══ MATERIAL SUPPLIED ══

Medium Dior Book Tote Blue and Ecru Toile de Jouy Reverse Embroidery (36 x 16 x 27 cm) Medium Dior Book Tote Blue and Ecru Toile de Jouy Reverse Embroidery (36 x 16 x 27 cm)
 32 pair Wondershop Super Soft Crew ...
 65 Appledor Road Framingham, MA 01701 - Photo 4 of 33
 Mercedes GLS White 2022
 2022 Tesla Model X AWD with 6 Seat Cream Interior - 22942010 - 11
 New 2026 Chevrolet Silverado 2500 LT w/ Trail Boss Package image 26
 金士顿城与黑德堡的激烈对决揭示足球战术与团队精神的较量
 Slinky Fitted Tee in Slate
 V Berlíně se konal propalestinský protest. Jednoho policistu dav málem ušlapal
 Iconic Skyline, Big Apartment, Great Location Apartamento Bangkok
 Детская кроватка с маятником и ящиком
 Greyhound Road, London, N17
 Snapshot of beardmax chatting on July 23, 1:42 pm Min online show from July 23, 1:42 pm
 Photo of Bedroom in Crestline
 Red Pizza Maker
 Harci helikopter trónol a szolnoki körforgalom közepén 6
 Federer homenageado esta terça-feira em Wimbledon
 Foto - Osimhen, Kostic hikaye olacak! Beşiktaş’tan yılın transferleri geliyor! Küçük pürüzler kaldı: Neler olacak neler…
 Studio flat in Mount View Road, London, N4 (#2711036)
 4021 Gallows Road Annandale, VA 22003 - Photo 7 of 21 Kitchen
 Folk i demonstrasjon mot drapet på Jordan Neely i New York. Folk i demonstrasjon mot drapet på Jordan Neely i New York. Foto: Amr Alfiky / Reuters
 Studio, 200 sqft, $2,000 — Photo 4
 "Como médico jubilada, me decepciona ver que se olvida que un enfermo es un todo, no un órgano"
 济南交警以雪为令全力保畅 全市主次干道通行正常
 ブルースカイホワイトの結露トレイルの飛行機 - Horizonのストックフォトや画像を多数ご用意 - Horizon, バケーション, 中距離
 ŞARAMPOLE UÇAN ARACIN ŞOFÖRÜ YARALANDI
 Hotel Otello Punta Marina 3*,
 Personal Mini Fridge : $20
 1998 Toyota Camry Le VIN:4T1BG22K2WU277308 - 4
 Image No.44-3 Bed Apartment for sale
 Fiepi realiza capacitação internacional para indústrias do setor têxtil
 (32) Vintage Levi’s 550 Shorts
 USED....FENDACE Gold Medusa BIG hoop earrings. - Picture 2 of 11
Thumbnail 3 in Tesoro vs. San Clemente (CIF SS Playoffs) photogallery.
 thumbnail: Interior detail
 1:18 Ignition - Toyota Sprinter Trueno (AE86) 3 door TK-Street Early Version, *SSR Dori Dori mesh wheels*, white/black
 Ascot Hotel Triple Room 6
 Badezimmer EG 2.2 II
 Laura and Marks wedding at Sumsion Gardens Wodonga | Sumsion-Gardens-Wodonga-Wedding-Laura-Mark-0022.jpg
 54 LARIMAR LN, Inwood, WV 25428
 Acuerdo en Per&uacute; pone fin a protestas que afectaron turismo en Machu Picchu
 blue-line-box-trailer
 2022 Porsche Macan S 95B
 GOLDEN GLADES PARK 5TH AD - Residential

═══

- TASK REQUIREMENTS:
Could you restate word for word the lines above, from the one that contains "USED....FENDACE Gold Medusa" through the one that contains "Laura and Marks", and no others?

- REPLY TO THE EXERCISE:
 USED....FENDACE Gold Medusa BIG hoop earrings. - Picture 2 of 11
Thumbnail 3 in Tesoro vs. San Clemente (CIF SS Playoffs) photogallery.
 thumbnail: Interior detail
 1:18 Ignition - Toyota Sprinter Trueno (AE86) 3 door TK-Street Early Version, *SSR Dori Dori mesh wheels*, white/black
 Ascot Hotel Triple Room 6
 Badezimmer EG 2.2 II
 Laura and Marks wedding at Sumsion Gardens Wodonga | Sumsion-Gardens-Wodonga-Wedding-Laura-Mark-0022.jpg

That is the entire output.